Items from a data source

· · · · · · ·

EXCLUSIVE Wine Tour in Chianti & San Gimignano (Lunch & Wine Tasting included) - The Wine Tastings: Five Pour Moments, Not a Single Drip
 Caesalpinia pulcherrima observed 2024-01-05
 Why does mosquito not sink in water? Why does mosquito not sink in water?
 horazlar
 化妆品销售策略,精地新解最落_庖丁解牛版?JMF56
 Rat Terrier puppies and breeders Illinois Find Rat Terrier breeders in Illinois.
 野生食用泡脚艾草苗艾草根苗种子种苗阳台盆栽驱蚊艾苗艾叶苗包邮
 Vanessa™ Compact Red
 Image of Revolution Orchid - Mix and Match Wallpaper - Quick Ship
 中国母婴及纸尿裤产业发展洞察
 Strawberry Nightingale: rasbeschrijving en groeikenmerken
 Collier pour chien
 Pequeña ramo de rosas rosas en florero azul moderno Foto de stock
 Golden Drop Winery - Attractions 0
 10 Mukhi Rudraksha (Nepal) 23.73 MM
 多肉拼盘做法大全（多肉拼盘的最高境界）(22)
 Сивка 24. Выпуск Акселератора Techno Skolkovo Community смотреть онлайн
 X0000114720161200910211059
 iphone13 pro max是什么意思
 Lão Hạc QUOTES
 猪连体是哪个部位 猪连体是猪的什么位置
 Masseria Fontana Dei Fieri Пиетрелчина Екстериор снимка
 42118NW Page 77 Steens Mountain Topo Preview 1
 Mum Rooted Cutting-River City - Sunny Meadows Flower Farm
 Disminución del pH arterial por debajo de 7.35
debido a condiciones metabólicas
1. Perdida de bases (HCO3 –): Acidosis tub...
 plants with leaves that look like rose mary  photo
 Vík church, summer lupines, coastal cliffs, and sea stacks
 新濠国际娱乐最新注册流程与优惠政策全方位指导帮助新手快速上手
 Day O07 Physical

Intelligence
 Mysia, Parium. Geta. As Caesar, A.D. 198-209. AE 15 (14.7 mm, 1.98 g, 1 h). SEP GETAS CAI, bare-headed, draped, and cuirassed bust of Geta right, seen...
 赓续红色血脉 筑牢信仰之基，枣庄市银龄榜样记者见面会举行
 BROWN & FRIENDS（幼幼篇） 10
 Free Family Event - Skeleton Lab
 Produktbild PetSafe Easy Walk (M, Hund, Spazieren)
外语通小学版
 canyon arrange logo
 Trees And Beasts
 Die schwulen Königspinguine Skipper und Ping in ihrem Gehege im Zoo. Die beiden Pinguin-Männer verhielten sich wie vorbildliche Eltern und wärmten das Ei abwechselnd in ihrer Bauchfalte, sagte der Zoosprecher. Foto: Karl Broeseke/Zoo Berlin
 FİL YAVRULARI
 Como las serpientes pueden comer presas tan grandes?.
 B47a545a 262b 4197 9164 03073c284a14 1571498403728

· · · · · · ·

**Task item**.
Quote every line of the records above, from the first down to the one holding "赓续红色血脉 筑牢信仰之基，枣庄市银龄榜样记者见面会举行", exactly as written.

**Task solution**.
EXCLUSIVE Wine Tour in Chianti & San Gimignano (Lunch & Wine Tasting included) - The Wine Tastings: Five Pour Moments, Not a Single Drip
 Caesalpinia pulcherrima observed 2024-01-05
 Why does mosquito not sink in water? Why does mosquito not sink in water?
 horazlar
 化妆品销售策略,精地新解最落_庖丁解牛版?JMF56
 Rat Terrier puppies and breeders Illinois Find Rat Terrier breeders in Illinois.
 野生食用泡脚艾草苗艾草根苗种子种苗阳台盆栽驱蚊艾苗艾叶苗包邮
 Vanessa™ Compact Red
 Image of Revolution Orchid - Mix and Match Wallpaper - Quick Ship
 中国母婴及纸尿裤产业发展洞察
 Strawberry Nightingale: rasbeschrijving en groeikenmerken
 Collier pour chien
 Pequeña ramo de rosas rosas en florero azul moderno Foto de stock
 Golden Drop Winery - Attractions 0
 10 Mukhi Rudraksha (Nepal) 23.73 MM
 多肉拼盘做法大全（多肉拼盘的最高境界）(22)
 Сивка 24. Выпуск Акселератора Techno Skolkovo Community смотреть онлайн
 X0000114720161200910211059
 iphone13 pro max是什么意思
 Lão Hạc QUOTES
 猪连体是哪个部位 猪连体是猪的什么位置
 Masseria Fontana Dei Fieri Пиетрелчина Екстериор снимка
 42118NW Page 77 Steens Mountain Topo Preview 1
 Mum Rooted Cutting-River City - Sunny Meadows Flower Farm
 Disminución del pH arterial por debajo de 7.35
debido a condiciones metabólicas
1. Perdida de bases (HCO3 –): Acidosis tub...
 plants with leaves that look like rose mary  photo
 Vík church, summer lupines, coastal cliffs, and sea stacks
 新濠国际娱乐最新注册流程与优惠政策全方位指导帮助新手快速上手
 Day O07 Physical

Intelligence
 Mysia, Parium. Geta. As Caesar, A.D. 198-209. AE 15 (14.7 mm, 1.98 g, 1 h). SEP GETAS CAI, bare-headed, draped, and cuirassed bust of Geta right, seen...
 赓续红色血脉 筑牢信仰之基，枣庄市银龄榜样记者见面会举行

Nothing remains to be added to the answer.